We want all children and young people to be able to make the most of their educational opportunities. Education authorities have duties under the Education (Additional Support for Learning) (Scotland) Act 2004 to identify, provide for and review the additional support needs of all their pupils, which includes ensuring that appropriate resources are in place to support pupils in their learning. The 2004 act is supplemented by specific guidance on meeting the healthcare needs of pupils while they are attending school and supporting children who are unable to attend school due to ill health.
The prevalence of children with life-limiting conditions in Scotland is increasing, and such children are surviving longer, meaning that many schools are now encountering complex medical conditions, which was not previously the case. Although the new guidance to which the cabinet secretary alluded addresses the issue of the liability that falls on individual staff members who support pupils’ healthcare needs, there is a question as to whether it addresses the specific needs of children who require enteral feeding or medication.
Given that the prevalence of children who require tube feeding or medication may increase in the future, is the cabinet secretary willing to explore whether more specific guidance might be required, and would he be willing to meet me to discuss the issue further?

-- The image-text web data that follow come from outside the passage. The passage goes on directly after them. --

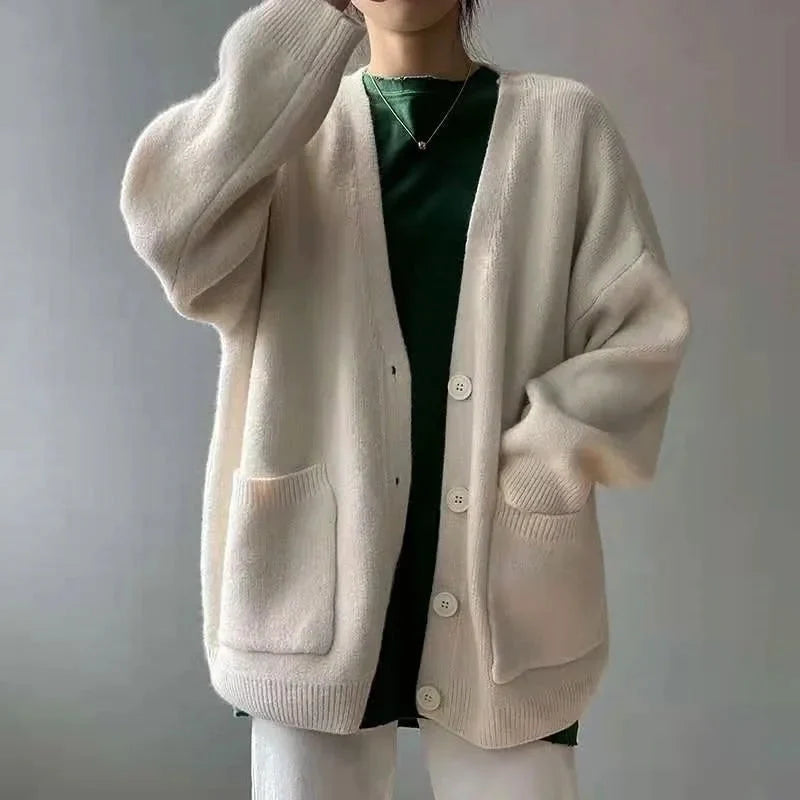 Women’s Relaxed Fit Button-Down Knitted Cardigan 2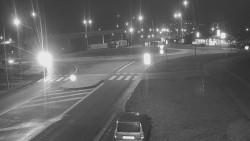 Křižovatka ulic Velká Dlážka a Polní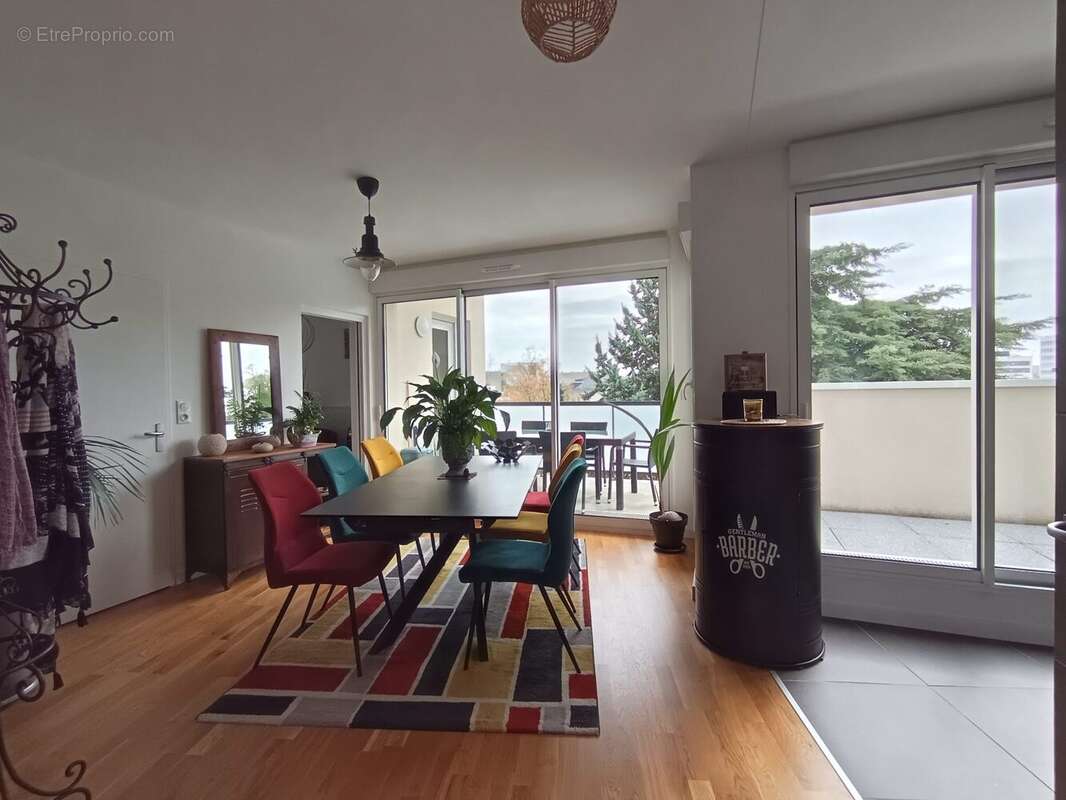 Appartement à LA RICHE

I am happy to explore the issue further. It concerns a very specialist set of circumstances. Having visited a number of educational facilities that provide support to young people who require tube feeding, I understand the complexities and challenges that it presents. Obviously, it could present a particularly acute challenge in a mainstream school environment. I am happy to meet Mr McDonald to hear his views on how more focused guidance might help educational practitioners in that respect.
The cabinet secretary will be aware of press reports with regard to inappropriate restraint at Clydeview school, which is in my constituency. Can I have an assurance from the cabinet secretary that concerns about restraint—such as are highlighted by the Children and Young People's Commissioner Scotland, Bruce Adamson, in the report “No Safe Place: Restraint and Seclusion in Scotland's Schools”—are being addressed?

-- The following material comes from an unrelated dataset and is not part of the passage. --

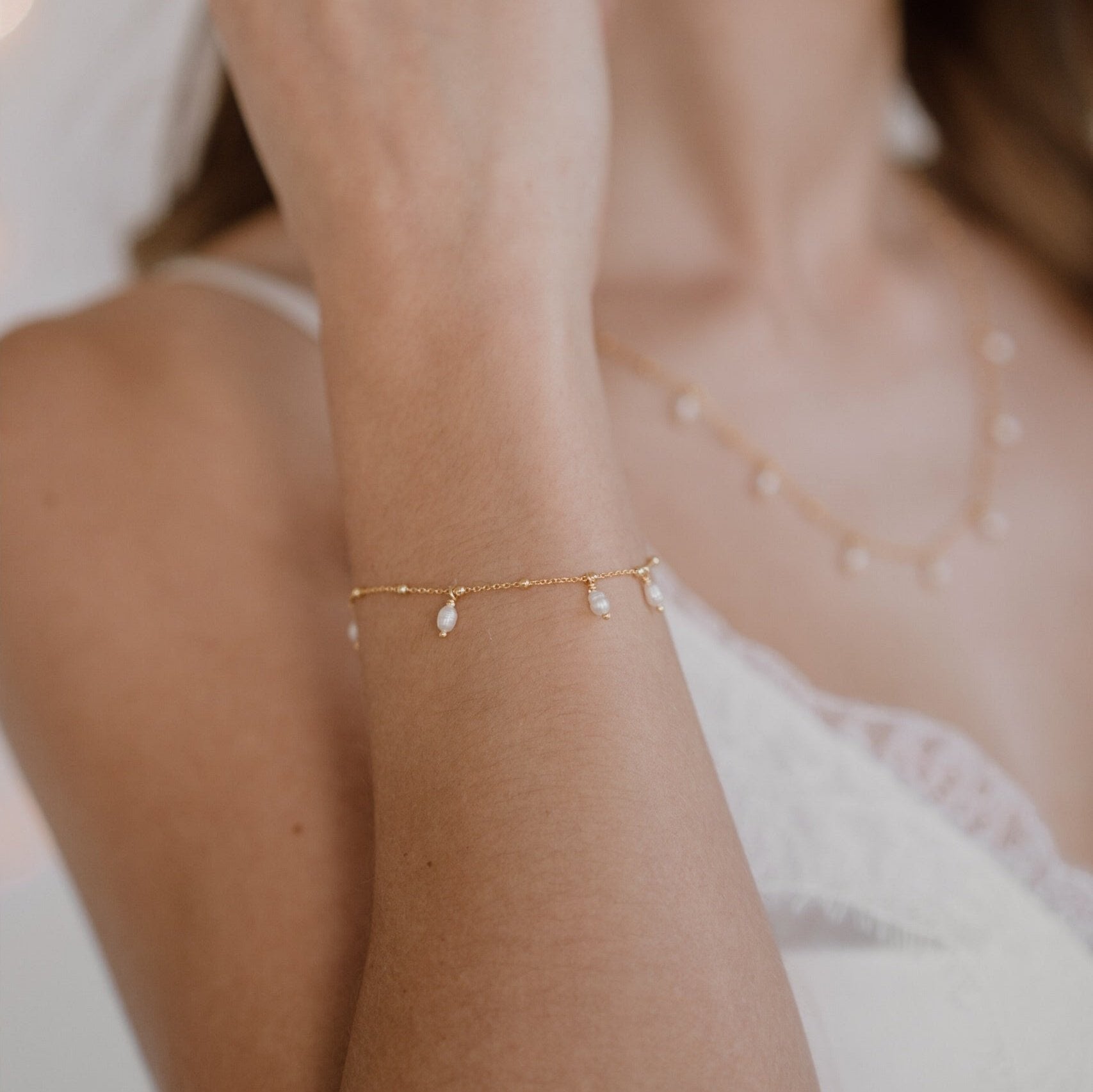 Kaya Brautarmband mit Süßwasserperlen in der Farbe Gold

I am aware of the report to which Clare Adamson refers. Those issues have been drawn to the attention of North Lanarkshire Council, which has been very open in supplying information to the Government. North Lanarkshire Council is investigating the incident, which is also the subject of a Police Scotland investigation. It would therefore be inappropriate for me to comment further on the circumstances of the Clydeview case.
In general, the Government’s guidance on the use of restraint is crystal clear that it should only ever be used as a last resort after all other interventions have been exhausted and only in circumstances in which the safety of members of staff or of the child concerned would be supported as a consequence of restraint. However, I stress that it should be used only in the most limited set of circumstances, when all other avenues of positive intervention have been exhausted.